Por Mariana Conde*
Mi papá ha recibido su buena dosis de reconocimiento en diversas etapas de la vida: como directivo bancario, como empresario y líder ganadero. Lo felicitan también por cualquier logro nuestro, hijo de tigre pintito, y esas cosas. Todo bien merecido, es un gran hombre y ha sido un gran padre.
Por el contrario, mi mamá –como tantas de su generación– ha de ser uno de los talentos históricamente menos reconocidos. Un talento que no se educa en una universidad y no se reconoce con un ascenso. Mamá, graciosa, sociable, cariñosa, buena amiga, generosa, dura también, es una señora calzonuda cuyo gran pecado ha sido tal vez la excesiva modestia. Nunca ha buscado el reconocimiento por nada y tristemente nunca lo ha recibido.
Hasta hoy.
Esta mujer huérfana de madre, cuya ambición de estudiar diseño en los Estados Unidos fue truncada por su sobreprotector padre soltero cuando éste se dio cuenta de que eso podría significar que ella nunca regresara, tomó cada golpe en la vida con una filosofía hakkuna matata que le daría envidia a Simba.
Tuvo que conformarse con un grado de secretaria bilingüe –el inglés lo habla como nativa– y con ser refundida como cajera en el almacén familiar junto a su abuelo; y puso ante lo que viniera, buena cara.
Se casó a una edad normal para aquel tiempo y nos tuvo a los tres. Nos educó con inteligencia, cariño y a veces –pocas– la consabida chancla. Casi sola en los primeros años, porque papá trabajaba mucho y viajaba también.
Cuando yo le preguntaba si no fue difícil crecer sin mamá, ser enviada a los nueve años a vivir a los Estados Unidos con su tía porque el abuelo no confiaba en poder ayudar a crecer a una mujer, ella siempre contestó: pero mira ahora, soy la niña de la flor de calabaza, queriendo decir que era muy afortunada. Nunca he sabido de dónde sacó aquella expresión pero por su forma de decirla se entendía perfecto.

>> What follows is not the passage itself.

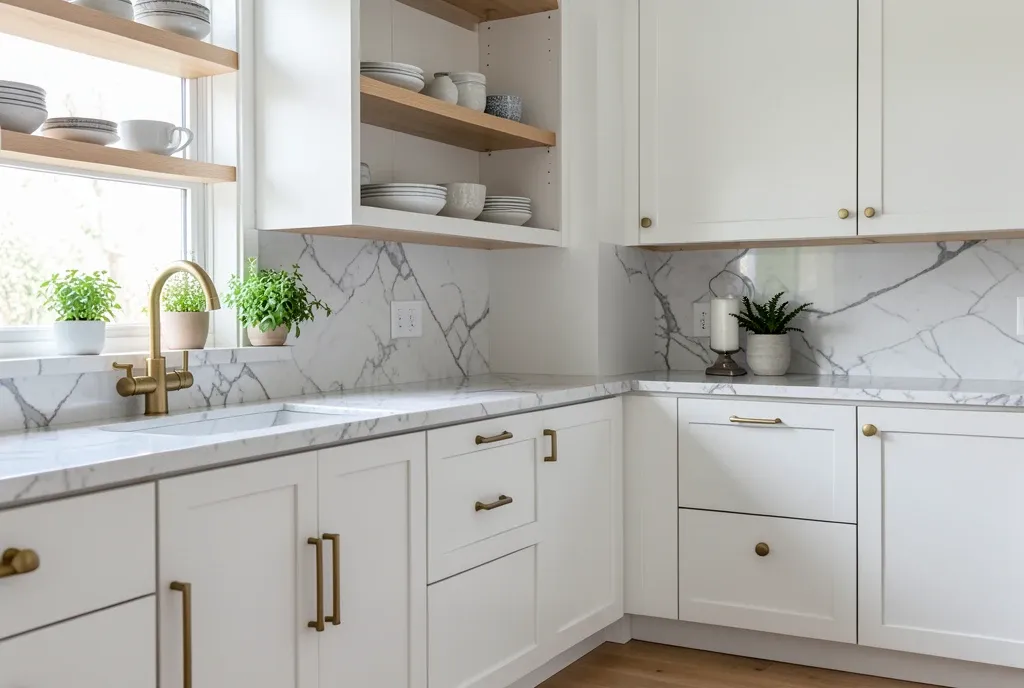 Modern kitchen with white shaker cabinets, brass handles and faucet, marble counter, open shelving, and herbs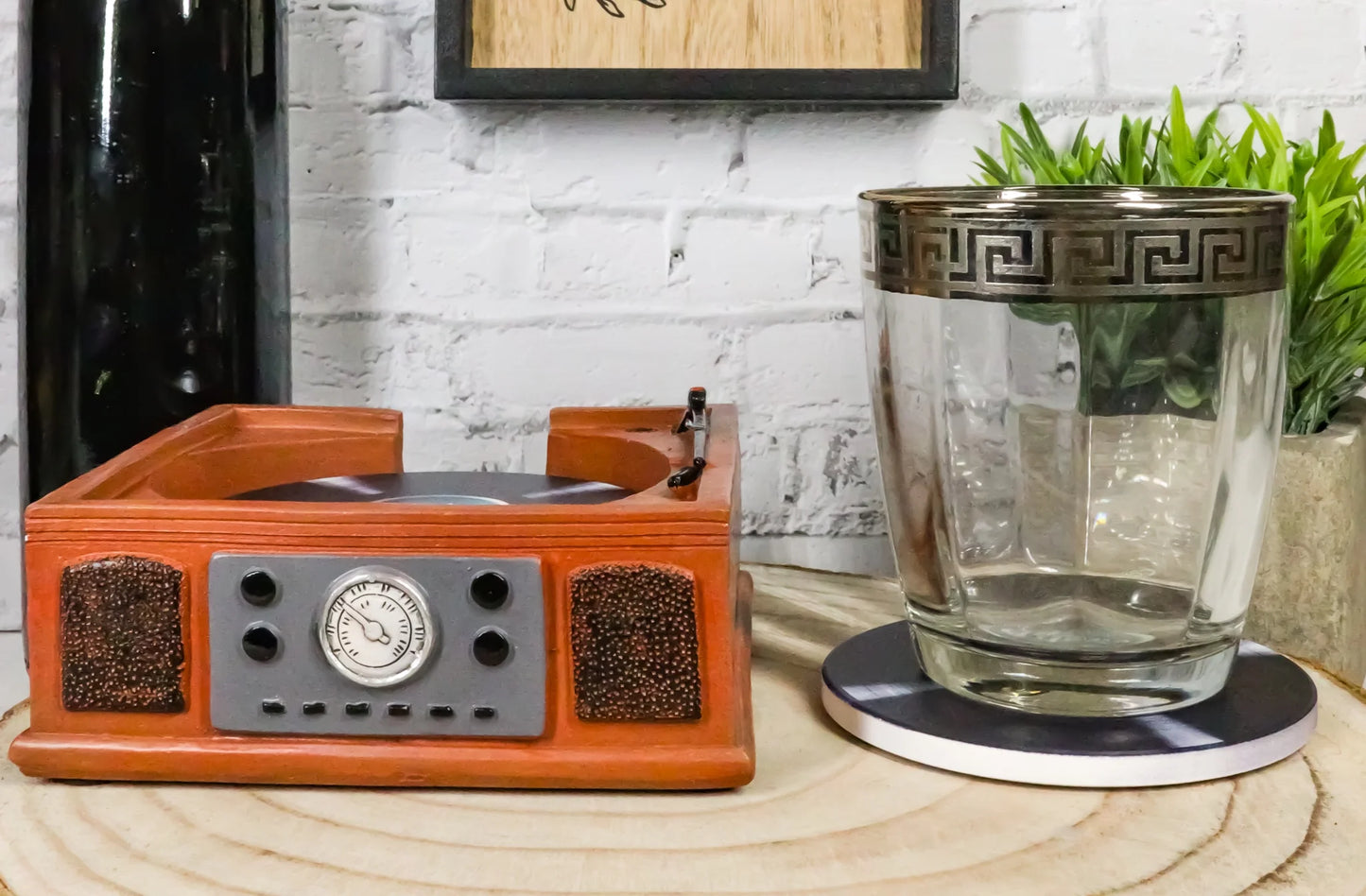 Vintage Retro Nostalgia Vinyl Turntable Player Replica Coasters and Holder Set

En apariencia señora sin más preocupación que acomodar los cojines de la sala para que se vieran bonitos, hacía maravillas con el ingreso familiar para que tuviéramos la mejor educación, actividades extracurriculares, vacaciones y una mesa donde los amigos de todos eran bienvenidos.
Siempre hubo un negocio aparte del empleo de papá, un rancho, que era su sueño y que iban fomentando con los ahorros. Mi mamá, sin tener cargo alguno de manera formal, administraba las cuentas, manejaba la chequera, llevaba con su dedicación de libanesa la lista de quién les debía y a quién había que pagarle y aleccionaba a papá sobre cómo ir a pedir o exigir algún asunto, ya fuera cobrar el pago de un becerro o solicitar alumbrado para la carretera al rancho.